Hermance, a Rinconada regular for the past 35 years, was one of dozens of swimmers who attended a Parks and Recreation Commission meeting last November to express concerns about the new plan. Lap swimming, he said, "needs to be a dedicated activity using all of the lanes to best meet the needs of working people."
Gwen Fisher, also a lap swimmer, also voiced worries.
"Think about someone who says to a football team, a baseball team and a soccer team: 'You're all going to use the same turf for your practice.' ... It doesn't work," Fisher said. "Same with sharing of our pool."
Yet with the city's population growing and spurring additional demand for recreation services, sharing is becoming an increasingly central part of the city's recreation strategy, whether you're talking about swimming lanes, playing fields or neighborhood parks.

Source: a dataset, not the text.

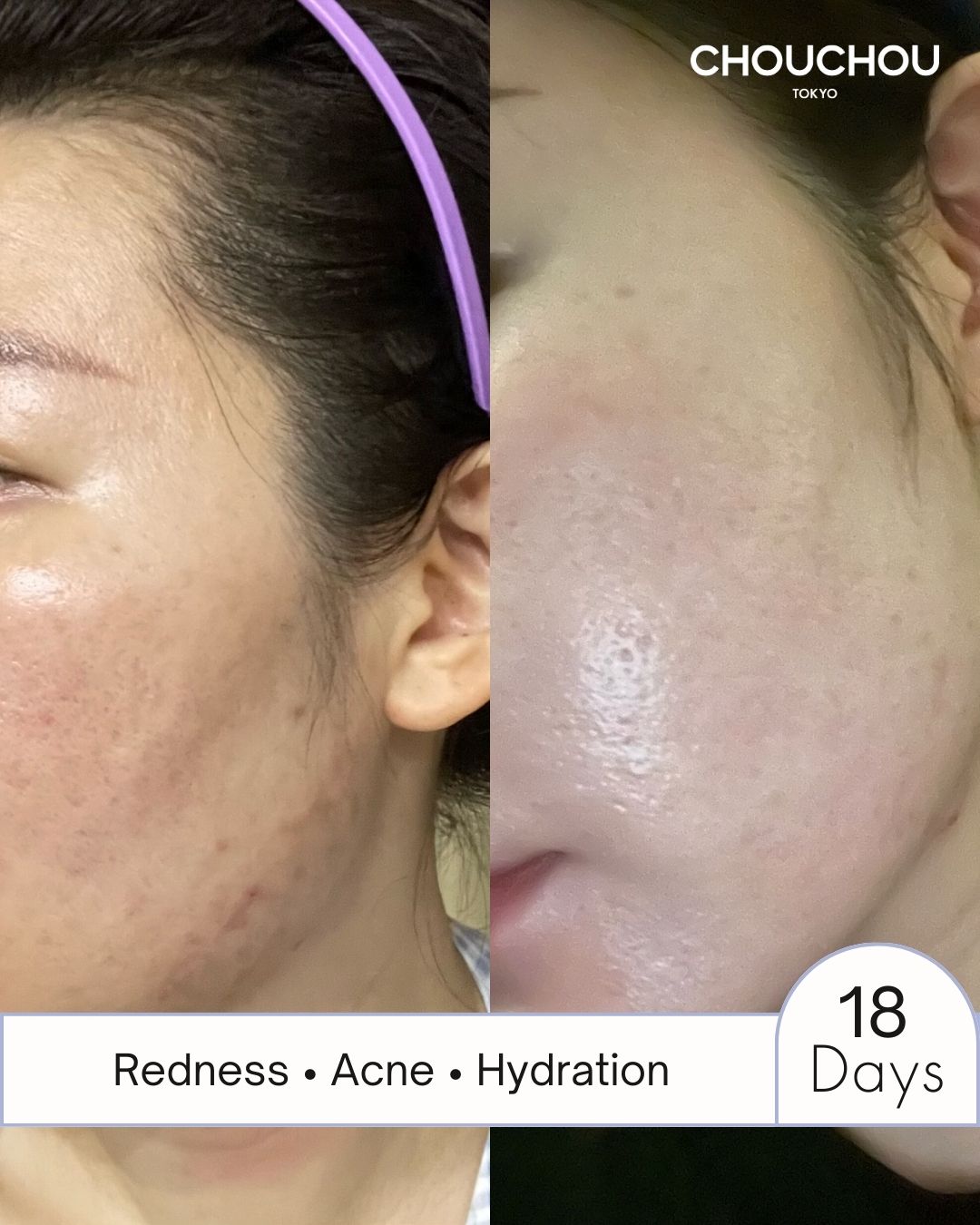 The Radiance Kit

Part of this has to do with demographics. The city's new Parks, Trails, Natural Open Space and Recreation Plan notes that Palo Alto's populations of seniors and children have grown since 1980 and now make up 17 percent and 23 percent, respectively, of the city's total residents. By 2030, one half of all Palo Alto residents is expected to be 55 years or older, the plan states.

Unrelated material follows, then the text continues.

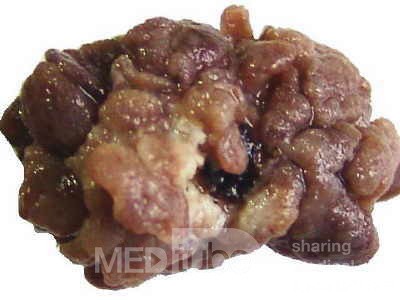 Distal Esophageal Squamous Cell Carcinoma (27 of 28)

At the same time, the plan notes, these age groups "are, anecdotally, high users of parks and recreation facilities and services in Palo Alto."

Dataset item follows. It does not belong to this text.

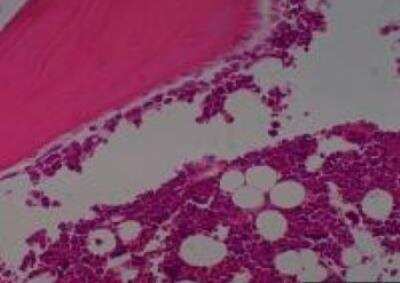 Hematoxylin & Eosin Stain: Primate Organs Tissue MicroArray (Normal) [NBP2-30188] -  06. Bone, sternum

The master plan thus places a premium on maximizing the use of existing facilities and ensuring that new ones are flexible enough to accommodate multiple needs. Doing so means, among other things, installing lighting at parks to allow usage until dusk; finding ways to "mitigate conflicts" between bicyclists, equestrians and hikers on the trails of the Pearson-Arastradero Preserve; and designing playing fields to accommodate "local organized sports and casual users with areas large enough for practice or play."
Already, the city has attempted to navigate conflicting demands for space by revising its field-use policy, which had traditionally given exclusive priority to "non-select" groups (those that don't require tryouts) like the soccer organization, Palo Alto AYSO. After hearing concerns from other athletic groups, the city in 2013 changed its policy so that the main criterion for priority is the proportion of users who are Palo Alto residents. The new policy also includes a "round robin" system for allocating field use, though after hearing from the AYSO, the city agreed to allow competing groups to negotiate among themselves, thus obviating the need for a round robin.
Sometimes, the sharing occurs organically, with little city involvement. Consider pickleball, a tennis-like game with paddles and a small net. Dozens of seniors flock on the weekends to Mitchell Park tennis courts, which they restripe with temporary tape to suit their purposes.
As the sport grows in popularity, the park's capacity to accommodate both users will be tested. In preparation of the new master plan, city staff has been fielding requests from pickleball players for dedicated courts. Community Services Director Rob de Geus said the city will do what it can to meet their needs.
"Given that particular sport and how it's increasing in popularity across our region and beyond, and given our demographics, we need to make sure we have some pickleball courts," de Geus said in an interview with the Weekly.